Source records -
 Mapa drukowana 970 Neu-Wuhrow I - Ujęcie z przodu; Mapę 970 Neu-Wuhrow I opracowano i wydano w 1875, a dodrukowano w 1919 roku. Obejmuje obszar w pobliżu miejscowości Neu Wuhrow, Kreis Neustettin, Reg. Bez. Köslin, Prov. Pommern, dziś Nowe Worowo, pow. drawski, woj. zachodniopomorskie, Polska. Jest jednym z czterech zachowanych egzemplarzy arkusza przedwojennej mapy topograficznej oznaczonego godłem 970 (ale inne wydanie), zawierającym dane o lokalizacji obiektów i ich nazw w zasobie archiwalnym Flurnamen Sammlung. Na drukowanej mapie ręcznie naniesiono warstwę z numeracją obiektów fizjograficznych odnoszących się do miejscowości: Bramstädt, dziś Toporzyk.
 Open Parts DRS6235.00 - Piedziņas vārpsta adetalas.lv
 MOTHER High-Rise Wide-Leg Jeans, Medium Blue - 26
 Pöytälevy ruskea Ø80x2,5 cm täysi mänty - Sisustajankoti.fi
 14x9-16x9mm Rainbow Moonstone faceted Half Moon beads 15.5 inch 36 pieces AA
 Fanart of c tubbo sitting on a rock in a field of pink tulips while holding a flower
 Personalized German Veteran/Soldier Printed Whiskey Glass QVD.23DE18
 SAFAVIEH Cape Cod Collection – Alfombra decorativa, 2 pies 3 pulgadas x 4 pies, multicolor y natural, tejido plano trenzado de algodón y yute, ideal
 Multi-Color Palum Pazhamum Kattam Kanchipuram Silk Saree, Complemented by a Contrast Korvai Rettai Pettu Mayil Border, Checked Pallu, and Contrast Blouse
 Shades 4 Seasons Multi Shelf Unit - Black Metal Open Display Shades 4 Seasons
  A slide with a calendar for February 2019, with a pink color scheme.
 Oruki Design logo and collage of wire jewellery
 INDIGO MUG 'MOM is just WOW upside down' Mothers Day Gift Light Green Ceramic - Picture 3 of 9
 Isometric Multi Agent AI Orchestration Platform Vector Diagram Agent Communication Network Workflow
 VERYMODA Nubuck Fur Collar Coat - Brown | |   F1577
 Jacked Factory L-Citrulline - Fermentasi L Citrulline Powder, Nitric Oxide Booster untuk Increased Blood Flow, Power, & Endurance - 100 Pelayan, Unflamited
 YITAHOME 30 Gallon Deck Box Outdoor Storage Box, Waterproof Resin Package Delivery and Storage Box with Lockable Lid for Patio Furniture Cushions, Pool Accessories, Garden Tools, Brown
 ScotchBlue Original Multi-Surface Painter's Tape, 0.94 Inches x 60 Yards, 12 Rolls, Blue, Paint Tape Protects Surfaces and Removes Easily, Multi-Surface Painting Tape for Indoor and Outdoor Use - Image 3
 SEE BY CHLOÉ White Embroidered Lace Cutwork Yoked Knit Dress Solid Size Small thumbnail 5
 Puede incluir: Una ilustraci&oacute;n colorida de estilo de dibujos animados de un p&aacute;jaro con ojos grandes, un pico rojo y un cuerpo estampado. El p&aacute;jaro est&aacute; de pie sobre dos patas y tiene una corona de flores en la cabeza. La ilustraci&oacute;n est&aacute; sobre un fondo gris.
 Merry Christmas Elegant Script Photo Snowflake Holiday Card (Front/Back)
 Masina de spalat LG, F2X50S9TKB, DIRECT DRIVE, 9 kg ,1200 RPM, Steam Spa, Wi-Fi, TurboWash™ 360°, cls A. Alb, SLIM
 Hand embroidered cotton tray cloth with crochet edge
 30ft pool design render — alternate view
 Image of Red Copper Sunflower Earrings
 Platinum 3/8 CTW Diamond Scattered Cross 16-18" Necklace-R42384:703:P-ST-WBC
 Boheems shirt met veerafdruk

Assignment - Find and copy each line of the material that holds the word "Image".

Response area -
 ScotchBlue Original Multi-Surface Painter's Tape, 0.94 Inches x 60 Yards, 12 Rolls, Blue, Paint Tape Protects Surfaces and Removes Easily, Multi-Surface Painting Tape for Indoor and Outdoor Use - Image 3
 Image of Red Copper Sunflower Earrings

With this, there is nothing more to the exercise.